There was no evidence for linkage to SNPs in SDC2. Marginal significance for altered transmission was detected in both the non-Hispanic white and Hispanic samples (Table 6A and B and Supplementary Tables 2 and 3). In the simplex non-Hispanic white sample, rs1042381 was marginally significant (Table 6A). In the Hispanic sample, significant association was detected in the entire data set for rs198456, in the multiplex families for rs2437772 and rs2437780, and for the simplex families for rs2582831 and rs2582846 (Table 6B).

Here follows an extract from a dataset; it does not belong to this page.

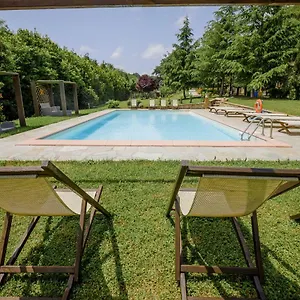 Loghino 3*, Volterra Italia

Two SDC2 haplotypes demonstrated excess transmission in the non-Hispanic white group and three in the Hispanic group (Table 7).

Table 6
Association results for SDC2 and GDF6 on chromosome 8
Table 7
Overtransmitted haplotypes for SDC2 and GDF6

No evidence for linkage to SNPs in GDF6 was detected. Again, altered transmission was only marginally significant for two SNPs: rs2255182 in the complete non-Hispanic white sample and both the multiplex and simplex subgroups (P=0.04, P=0.02 and P=0.04, respectively) and rs2247792 in the non-Hispanic white multiplex families (P=0.03) (Table 6A). Overtransmission of one haplotype involving rs24401199 and rs2514527 was observed in the Hispanic sample (P=0.008) (Table 7).


This study was undertaken to identify additional genes that contribute to the NSCLP phenotype. One African-American and nine non-Hispanic white families were analyzed by a 6 K genome scan. Fourteen regions were identified with LOD scores >1.5 and four regions had LOD scores >2 (2p22, 7q36.2–36.3, 8q21.3–24.12 and 22q12.1-q12.3) (Tables 1 and and2).2). Of these, only the 8q21.3–24.12 region had previously been identified by genomic scanning (Supplementary Table 1).11, 15 The region from each ethnicity that resulted in the highest LOD score was subjected to candidate gene analysis.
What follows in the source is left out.